It seems like Khloe and her team felt otherwise though. Khloe’s team immediately began trying to get this photo off of the Internet. Most accounts that had posted this photo allegedly got their pages suspended or frozen. 

Khloe then went onto the Internet to release a statement saying “This is me and my body unretouched and unfiltered… when someone takes a photo of you that isn’t flattering in bad lighting or doesn’t capture your body the way it is after working so hard to get to this point—and then shares it to the world—you should have every right to ask for it to not be shared—regardless of who you are” (1). 

I completely understand where Khloe is coming from, however it becomes a tricky subject when such impressionable minds are being exposed to her and her families’ content every single day. 

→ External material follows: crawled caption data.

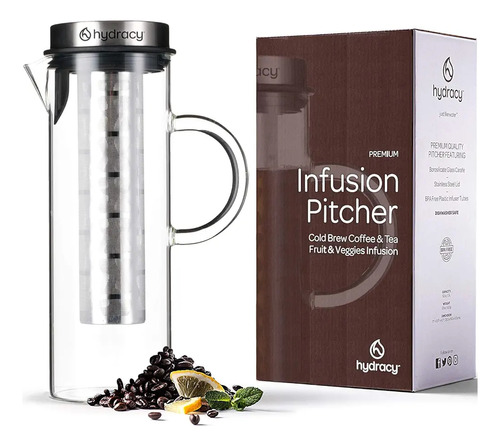 Cafetera Fria  Jarra Grande De Infusion De Vidrio De 1 6 Cua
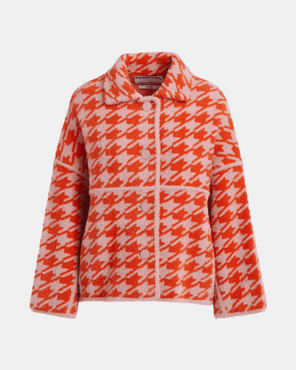 Essentiel Antwerp Joking Knit Jacket - ESSENTIEL ANTWERP - Luxe Leopard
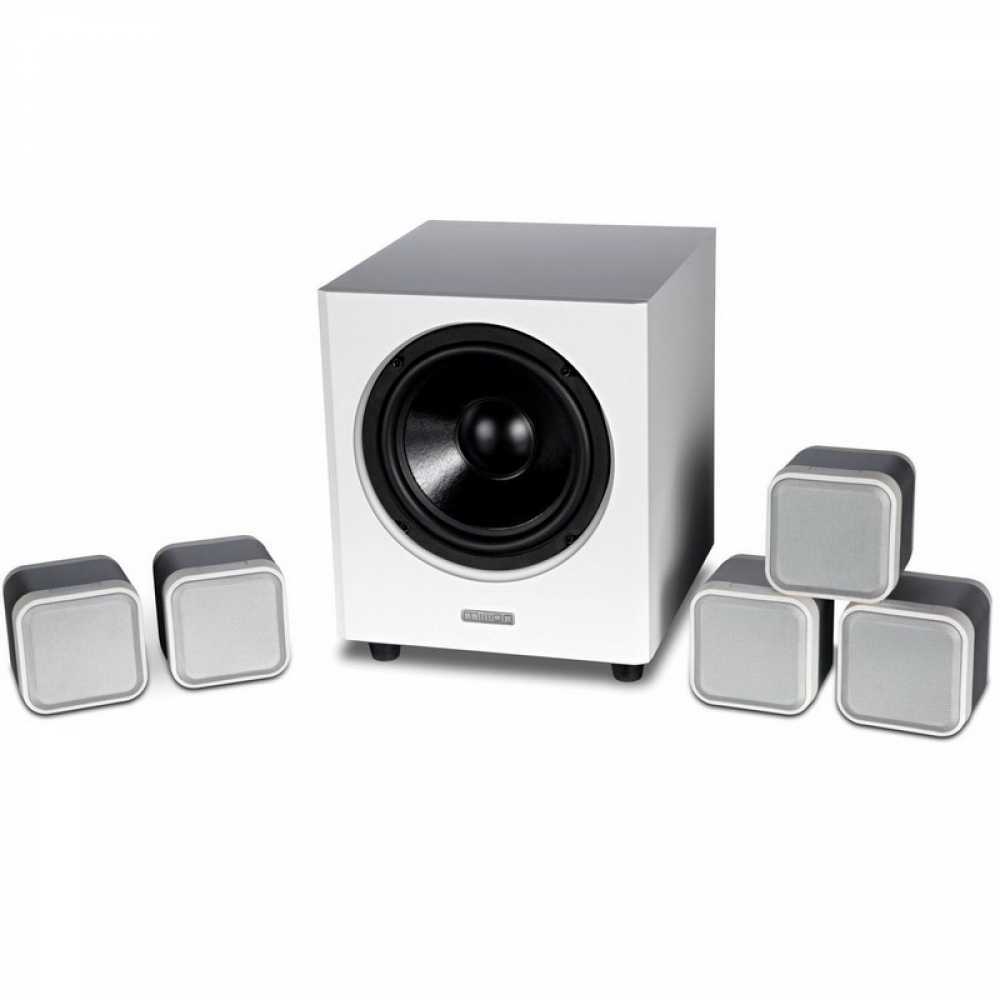 Комплект домашнего кинотеатра Mission M-Cube + SE 5.1 System White – цена, описание и отзывы — фото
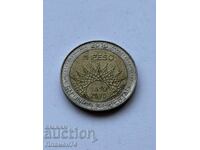 1 peso 2010 Argentina Pucará de Tilcara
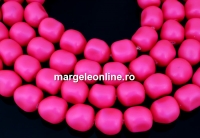 Margele Swarovski perle candy, neon pink, 10mm - x2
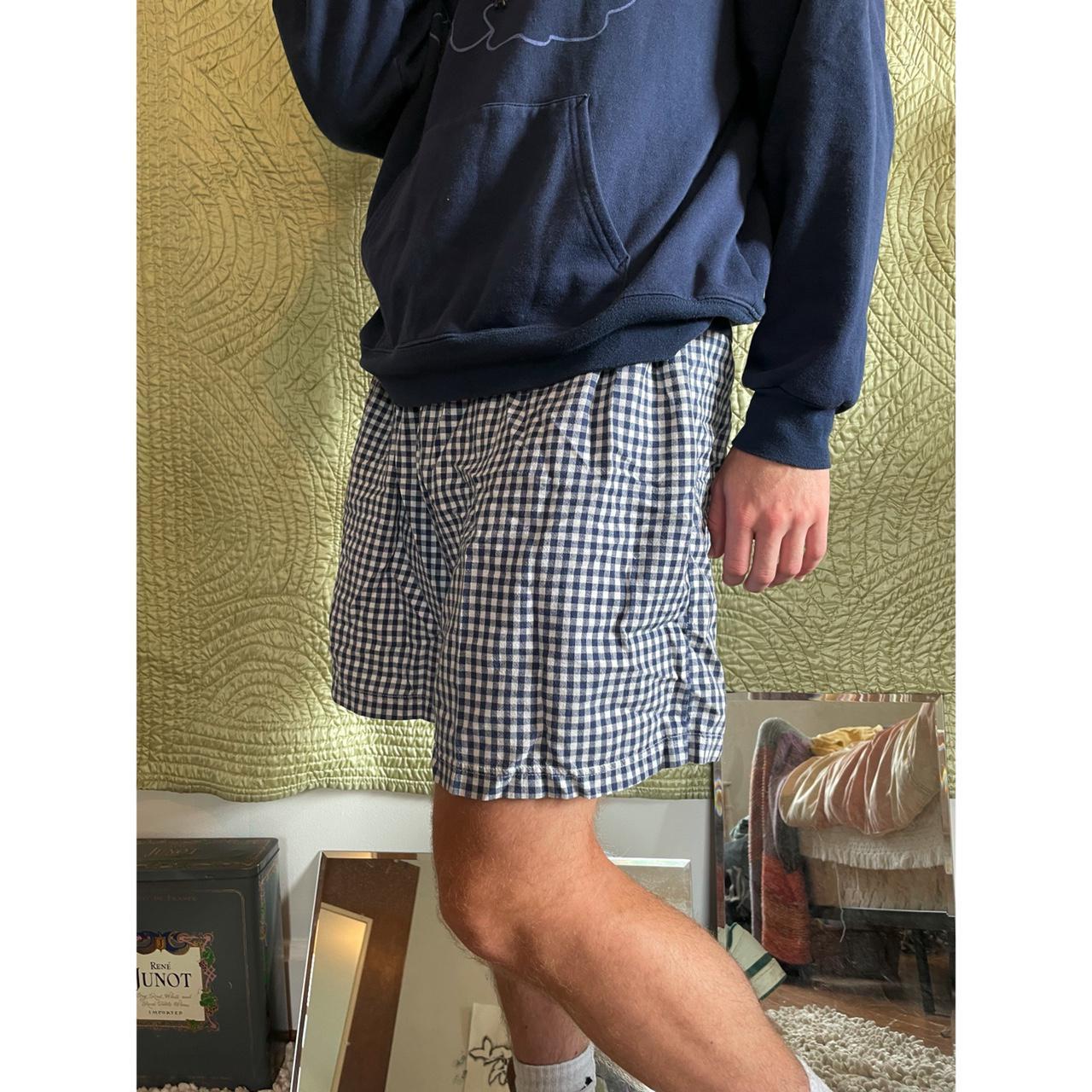 GINGHAM OVERSIZE SHORTS 🌿 FITS SIZE S/M... - Depop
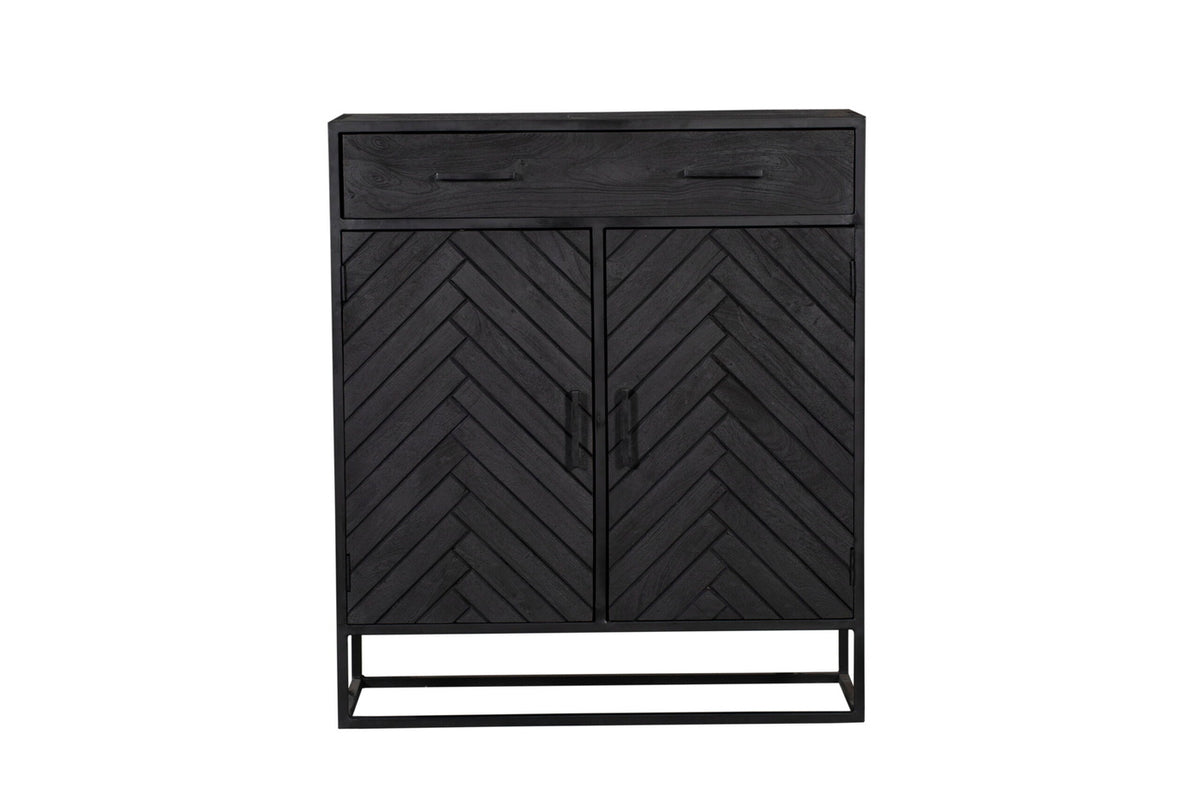StarFurn Kabinetkast New York - Zwart Hout - 100x40x115cm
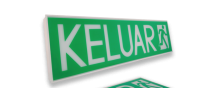 ECONLITE Emergency KELUAR Sign Exit Light 
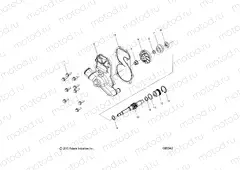ENGINE | ENGINE, WATER PUMP - S19EFK8PS/EFM8PS ALL OPTIONS (600042)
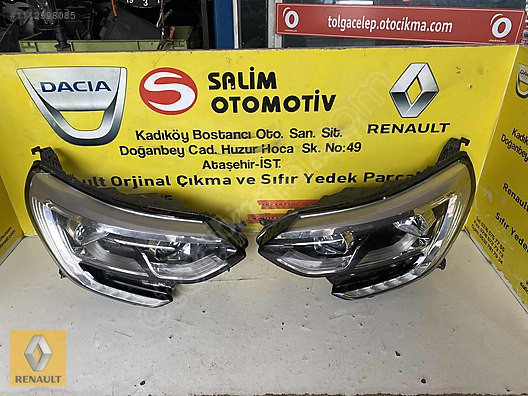 RENAULT MEGAN 4.5 ÇIKMA ORJİNAL SAĞ SOL FAR VE DİĞER PARÇALARI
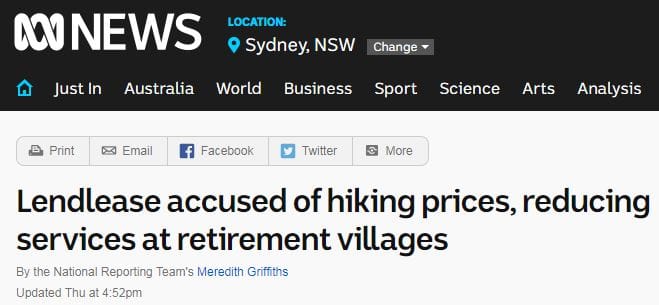 ABC Radio moves in on the village and care sector with long, negative reports post image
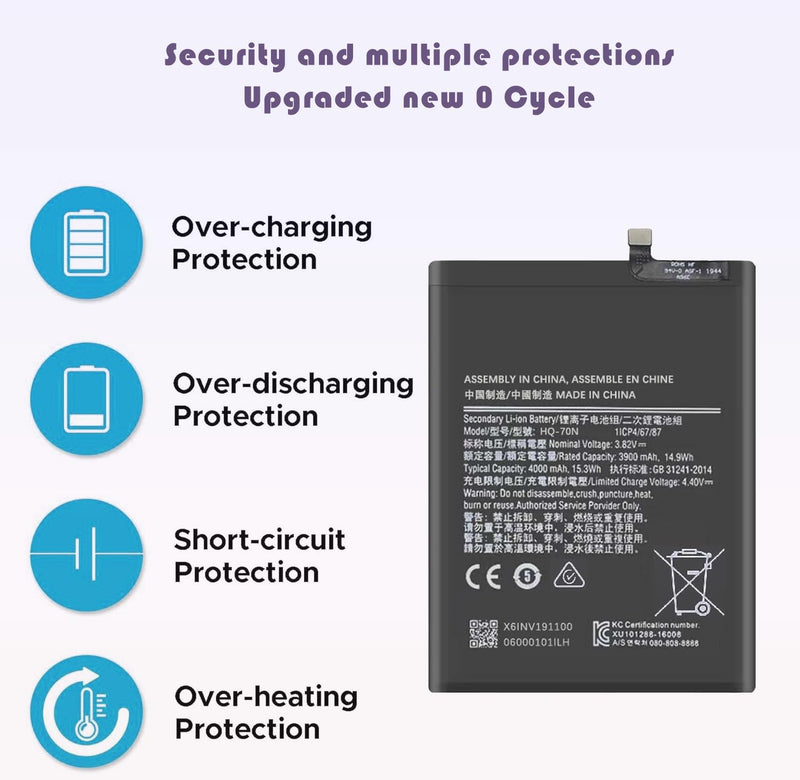Galaxy A11 Battery,2026 New Upgraded Battery for Samsung Galaxy A11 SM-A115U, SM-A115A HQ-70N/HQ-70T with Full Remove Repair Tool Kit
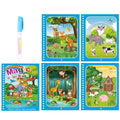 Drawing Coloring Books for Kids Magic Water Book with Pen 2 To 4 Years Old Children Learning  Education Toy Baby Montessori Toys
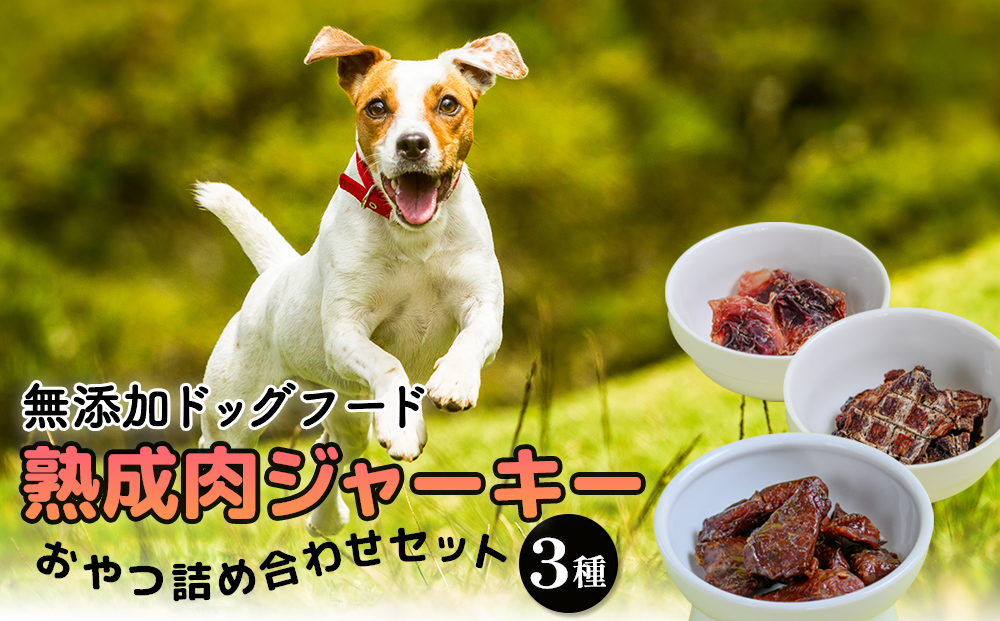 ドッグフード 熟成肉ジャーキーおやつ詰合せセット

Fans began to wonder if their bodies were good enough if Khloe was scrambling to get rid of a type of photo most of them could actually relate to! 

People also criticized how the Kardashians and Jenners have created such new and intense beauty standards that they themselves can’t even keep up with or achieve, without the help of editing, good lightning, makeup, etc. 

Of course, the Kardashians are not the only culprits here. Social media influencers and models have grown in their popularity. Most of the time, they are portraying a fantasy. 

Social media has contorted and skewed our beauty standards and it is having a bigger impact on a lot of people’s self esteem and mental health than you may want to believe. 

It is important to keep in mind when exploring social media and using it for your own leisure that your page and posts should be content that you personally love and enjoy. If editing your photos makes you the most happy, then do that! Don’t edit your photos to match these celebs and influencers. 

In reality, social media can be a great place when you have the right mindset.